Consumers need to appreciate that master preneed trusts are an important source of income to the sponsoring association. Because there are costs to providing contracts, administration, compliance, and asset management, the master trust provides the smaller funeral home the economies of scale necessary to reducing costs that would otherwise be prohibitive. However, the Illinois situation suggests that former association leadership may have exploited both members and consumers. While the association’s website is finally acknowledging the issue, the response lacks in terms of accountability. 

Getting back to my client’s question, how should accountability be measured for preneed administration from state to state? The diversity in the approaches taken by the state legislatures in regulating the preneed transaction is the single greatest hurdle to a comprehensive, national evaluation of preneed accountability. But perhaps transparency in terms of disclosures to both members and consumers would be one measure of accountability. On this standard, I would give kudos to the New Jersey Funeral Directors Association. It may be a sad reflection on the industry, but many funeral directors do not know what they are being charged for preneed services. The NJFDA provides this information for all to see.

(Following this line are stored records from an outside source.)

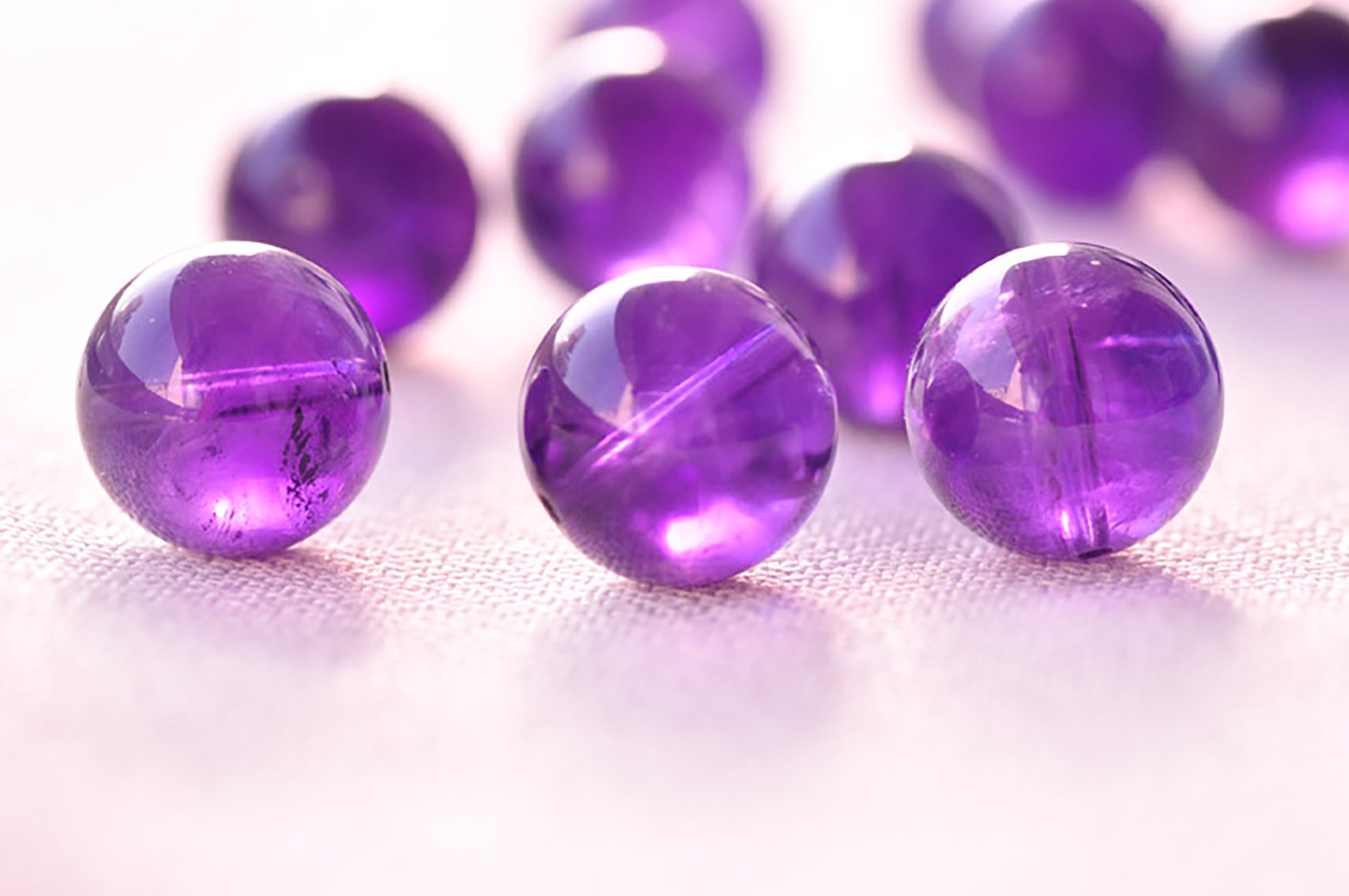 让人惊叹的彩色宝石之紫水晶
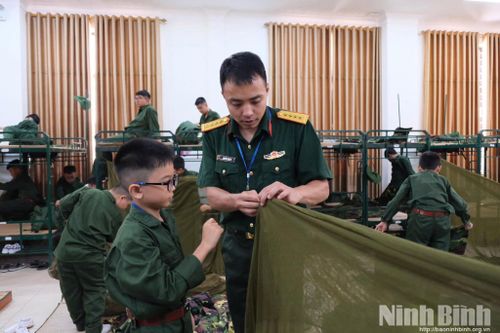 Tham gia chương trình “Học kỳ quân đội”, các em được trải nghiệm môi trường quân đội, rèn luyện tính kỷ luật và kỹ năng sống.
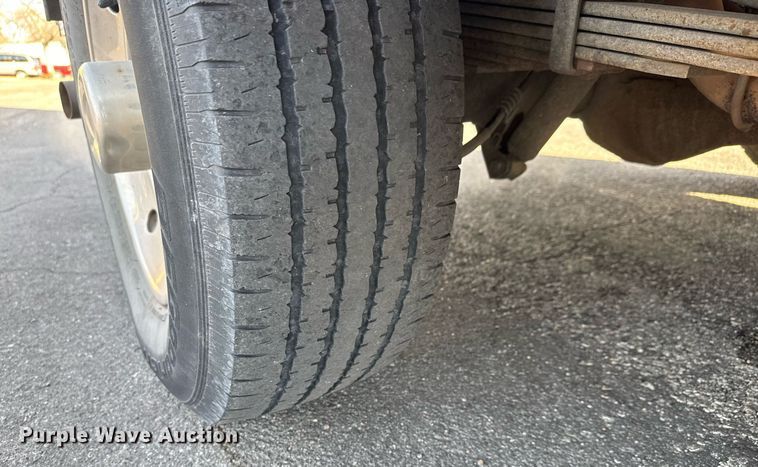 image for item LH9401 2010 Ford E350 Super Duty box truck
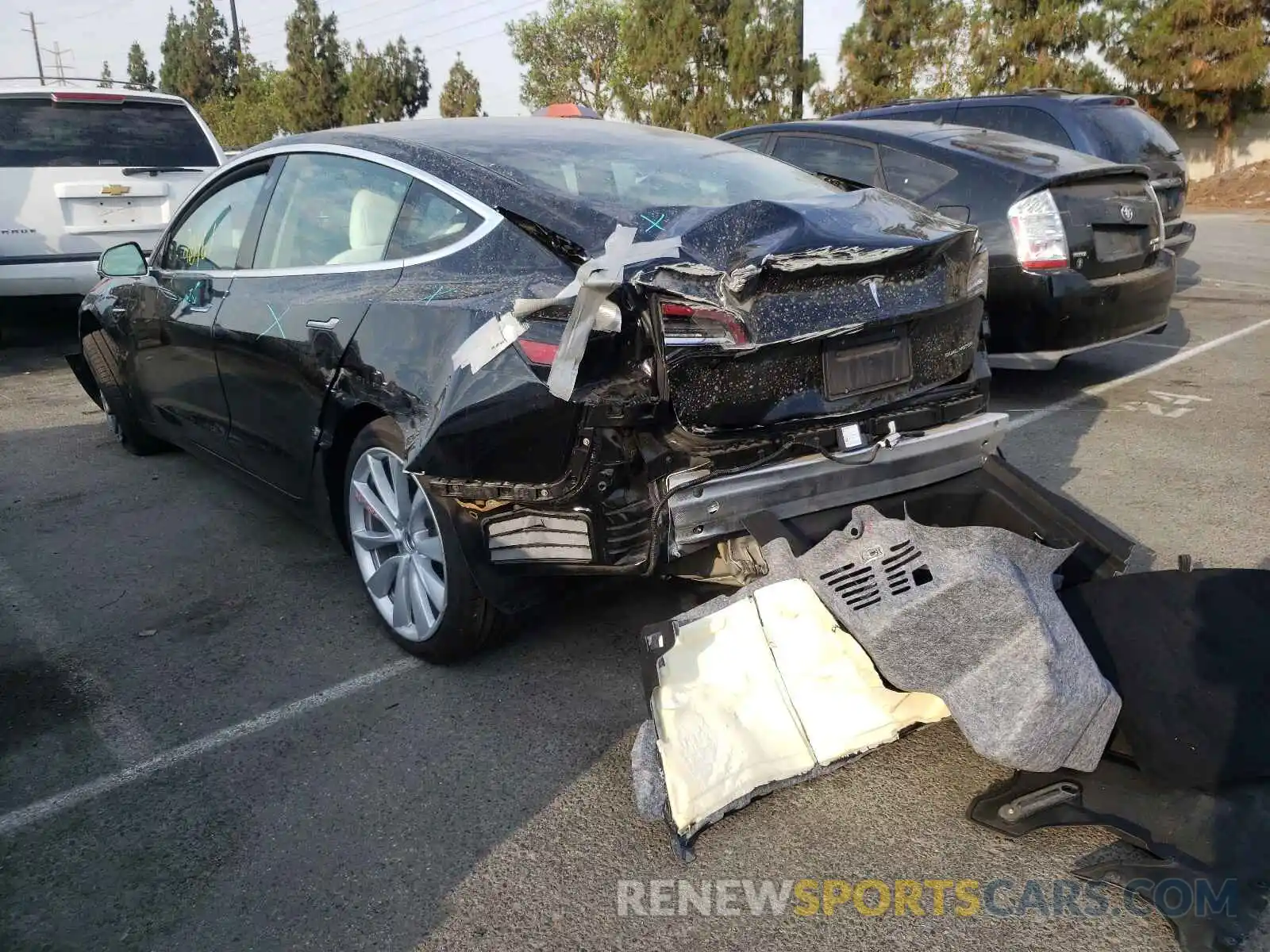 3 Photograph of a damaged car 5YJ3E1EB6LF806641 TESLA MODEL 3 2020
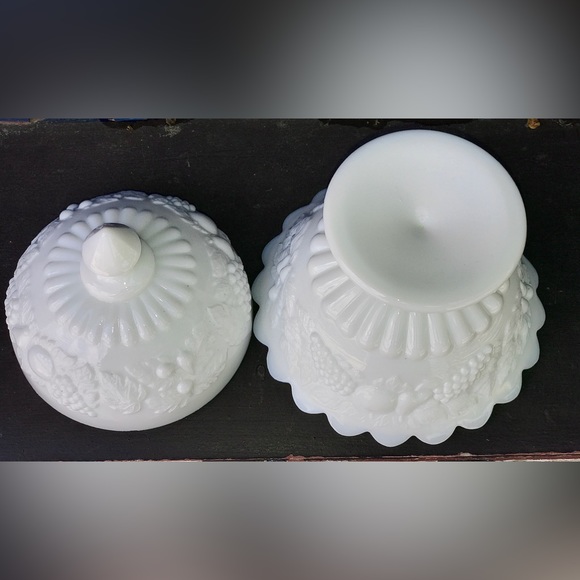 Mid Century Vintage Westmoreland Finial Lidded Fruit Embossed Candy Dish - Picture 4 of 12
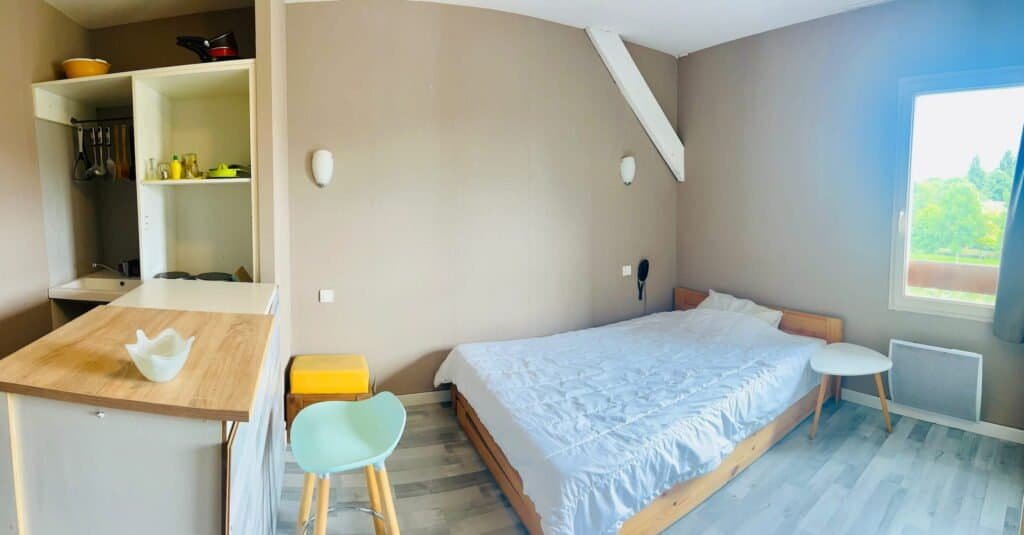 hébergement-à-tinténiac-le-studio-relais-guinguette-chambres-d'hôtes-canal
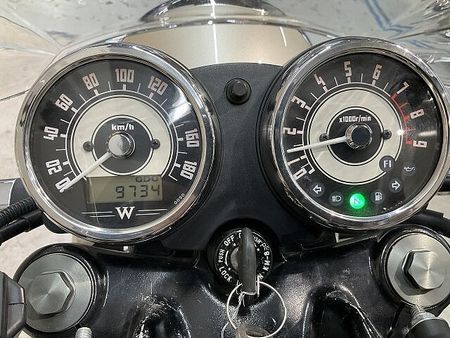 カワサキ W800 W800◆リミテッドエディション◆2016年モデル◆限定300台◆エンジンガード◆バックサ 9
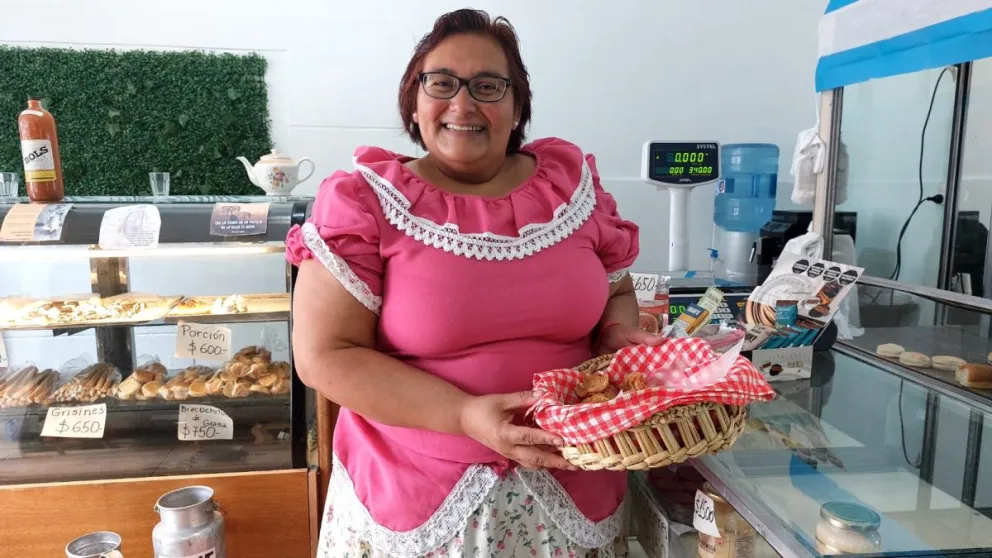 Una panadería regaló mini-pastelitos por el Día de la Tradición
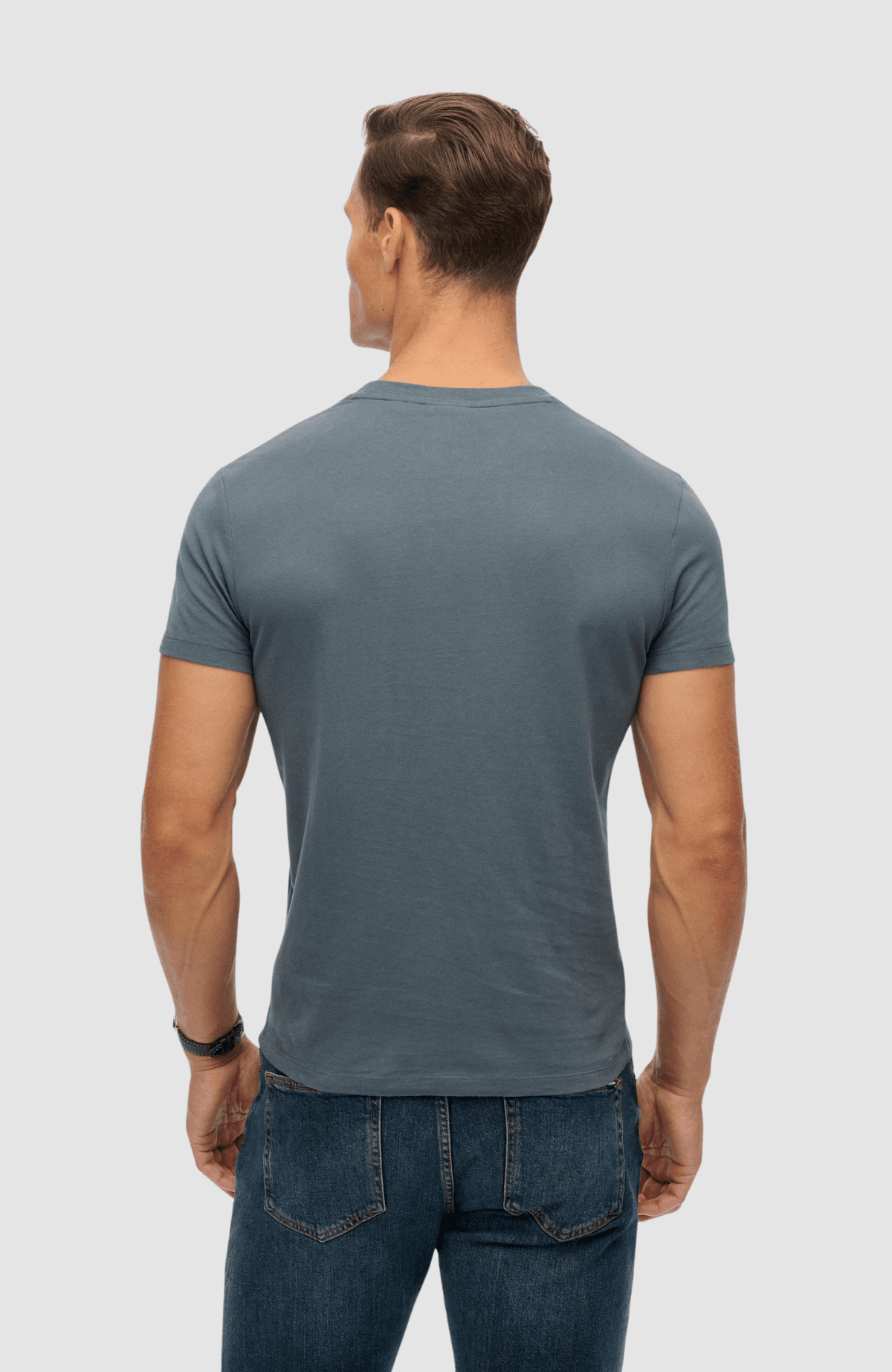 Essential Logo Emb Tee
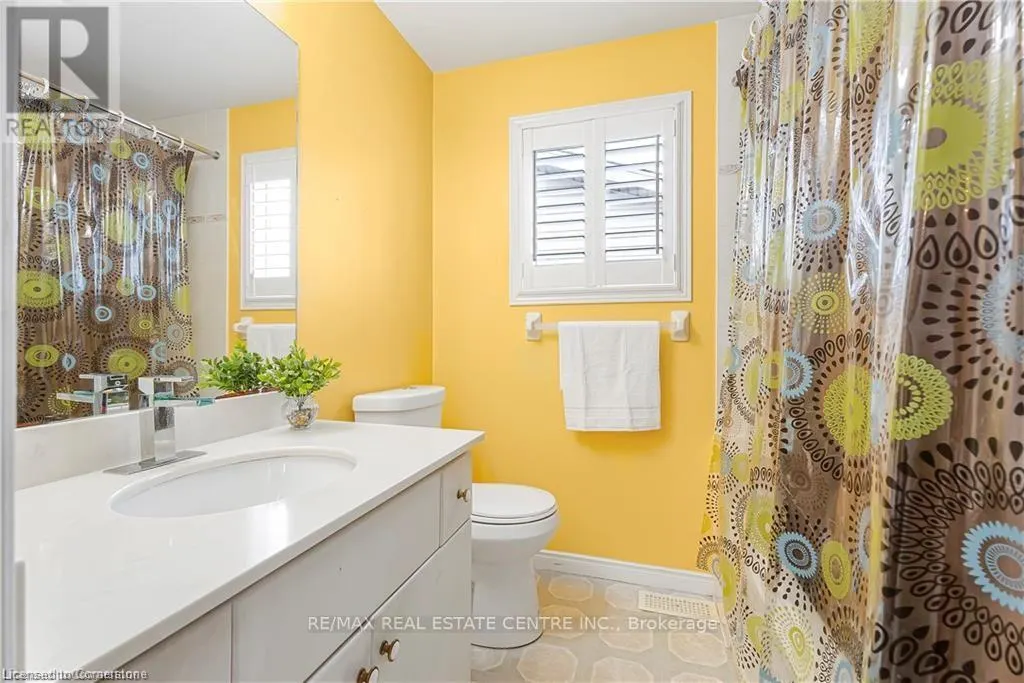 UPPER - 257 GREY FOX DRIVE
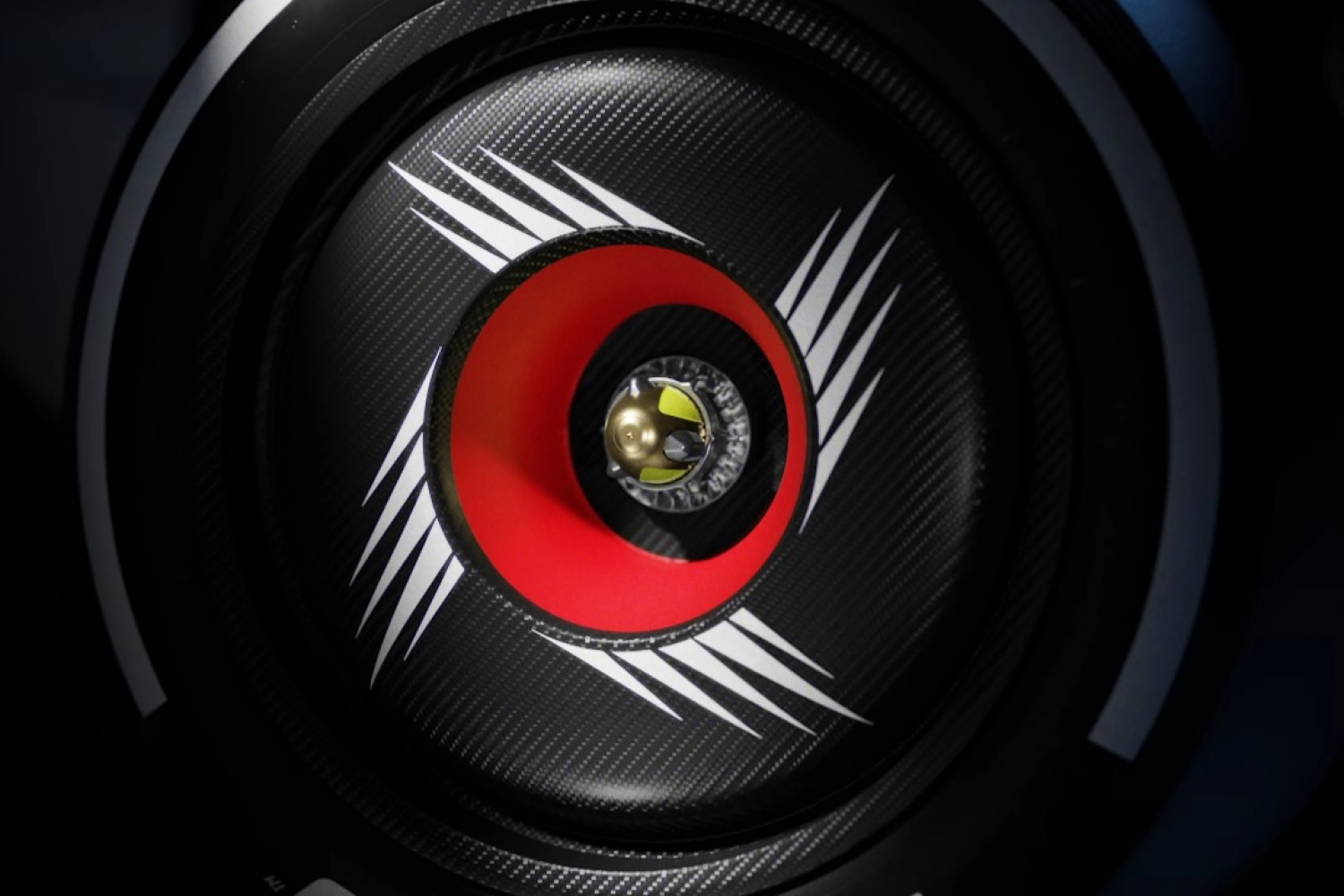 At what time and how can I follow the presentation of the livery of the AlphaTauri AT04?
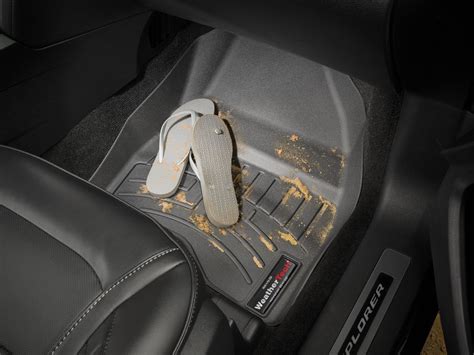 Toes in the sand 👍 Sand on your car floors 👎 After a day at the beach ...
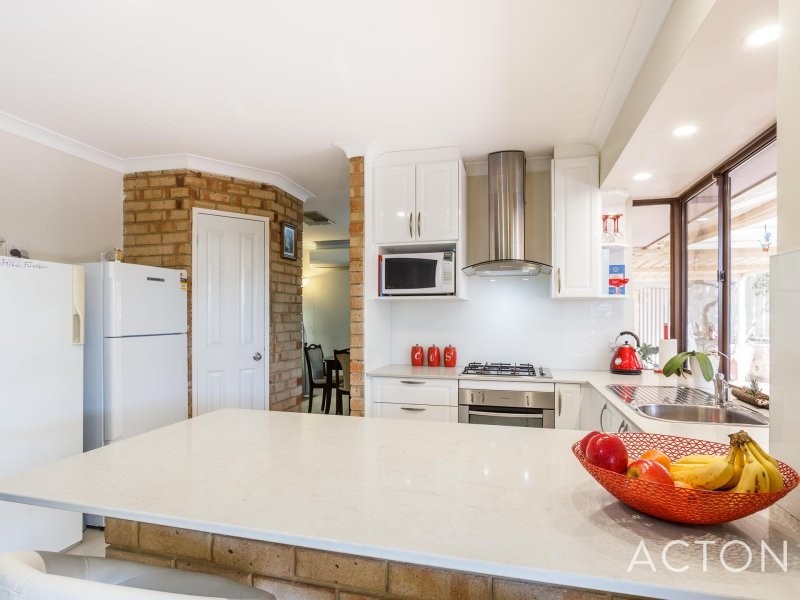 4 Bundy Court, South Lake WA 6164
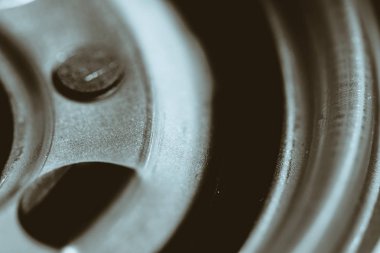 Yağ filtresinin tek renkli arkaplan görüntüsü. Makro fotoğrafçılıktaki otomatik bölümden sanat çalışmaları.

If consumers do call for reassurances, funeral directors should have some basic information available to provide:

  • How the preneed contract is funded (insurance vs. trust).
  • The name of the insurance company or trustee.
  • If the contract is trust funded, whether the trust holds deposit accounts, investments dictated by statute, diversified investments or insurance.
  • Contact information for the person who can provide more information about the account.

When funeral directors begin to call for reassurances, association leadership should be prepared to provide the following information:

  • The name and address of the trustee.
  • The costs and expenses of the master trust.
  • The master trust’s written investment policy.
  • The fees paid to the trustee and account administrator.
  • The taxes paid by the trust.
  • A summary report of the trust’s performance and asset description.
  • A disclosure of related party transactions (loans, discounts, service agreements, etc.)
  • A summary of all trust expenses (excluding distributions for preneed contract performances and cancellations).
  • The sponsorship fee paid the association. 

Tennessee's Preneed Legislation: the cost of doing business

The preneed bill that angered the Funeral Consumers Alliance in February continues to advance within the Tennessee legislature. SB 2705/HB 2763 has been placed on the calendar for the Commerce Committee for April 1st. If passed, the legislation may well make Tennessee the first state to lower its preneed trusting requirement. Despite the need for better consumer protections, I anticipate other states may eventually follow suit. 

Preneed is evolving from a transaction of accommodation to becoming an essential element of each funeral home’s business. Funeral directors in 100% trusting states such as Tennessee are feeling the need to control their own preneed programs, and have come to appreciate the costs of establishing, and maintaining, a trust funded preneed program. 100% trusting laws have historically dictated that insurance be used as the principal method for funding, with trust funding as a backup for purchasers who were too old or could not qualify. With insurance companies coming and going within the preneed market, funeral homes want the alternative to offer consumers a trust-based product.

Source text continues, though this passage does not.